Everyone inhaled deeply and held a breath; I hoped he didn't mean "me." I hoped I melted in with the crowd this time, and that he didn't
recognize me as his undergraduate summer employee. Everyone hoped he meant someone else.
"Stand up, if you don't mind!"
Then, a classmate stood up, as though scripted, and Dr. Marshall started his first hypothetical, as we are prone to calling these stories.
"If I wanted to say that I am about Torts and that we are going to engage in the Socratic method of teaching and learning law through both
hypothetical and real case studies, I could go on that way."
He paused. The audience seemed to start breathing again, albeit as quietly as possible.
Dr. Marshall cleared his throat, and it could be heard at the back of the auditorium.

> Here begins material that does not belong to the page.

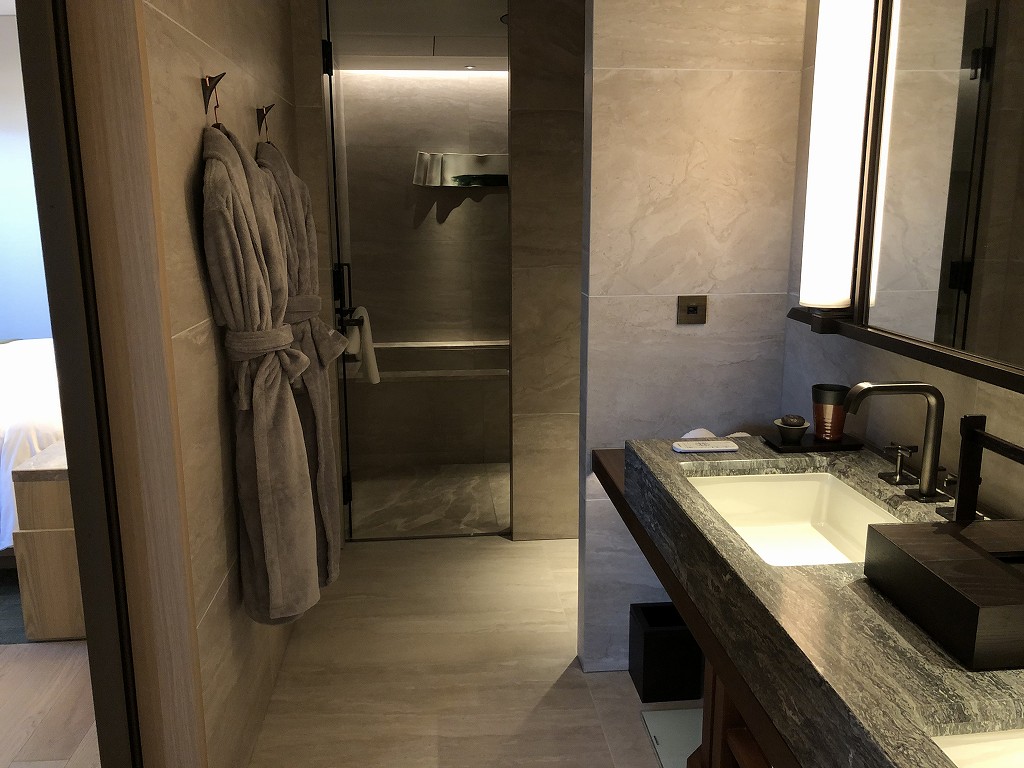 HOTEL THE MITSUI KYOTOのデラックススイートルームのバスルーム1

"But I won't say that," he explained.
"Instead, I'm going to use regular, commonplace words, because I want you to learn to speak what we're going to discuss in regular,
common words. If you can do that, and if you've got a good case - or if the case you're up against is worse than yours, at least - then, you
should win.
"So I'm going to ask you to listen to some stories, take some of them home and read up on them, and come back to class - every class - and
go through a question and answer process with me. Let's call it class discussion. We'll do this until we both feel that you've gotten
whatever you can get from these stories, which are all about what we do when we are trying to fix a wrong done by using the law of Torts.